Plant-based BBQ is a growing frontier. As more people reduce or eliminate meat from their diets, pitmasters and home cooks alike are discovering that the low-and-slow smoke approach works beautifully on vegetables, legumes, and plant proteins. The smoke doesn’t care what it’s flavouring — it just does its magic.

In Europe especially, there’s an exciting trend of chefs combining local culinary heritage with BBQ techniques. Spanish chefs are smoking jamón-cured meats over olive wood. Italian pitmasters are applying American smoking methods to traditional cuts like porchetta. British chefs are smoking local heritage breed pork and pairing it with classic British condiments. It’s a beautiful, ongoing conversation between traditions — a reminder that food culture has always moved, mixed, and evolved.
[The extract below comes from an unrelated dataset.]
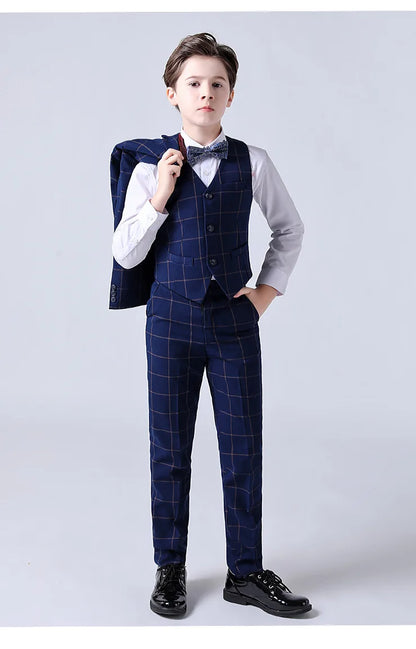 Top Quality Big Boys Suit For Wedding Teenager Kids Formal Tuxedo Dress Children Photograph Blazer Party Performance Costume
A Final Word: Why BBQ Matters

At its core, BBQ is more than a cooking technique. It’s a philosophy — one that values patience over speed, community over isolation, and flavour over convenience. In a world that often rewards the fast and the easy, there’s something genuinely countercultural about tending a fire for 12 hours, waiting for a brisket to be just right, and sitting down to share it with the people you love.

Whether you’re in Memphis, Manchester, Munich, or Madrid, that spirit — fire, smoke, time, and togetherness — is something everyone can understand. And taste. And absolutely love.

So fire up that smoker, be patient, and get ready for something wonderful.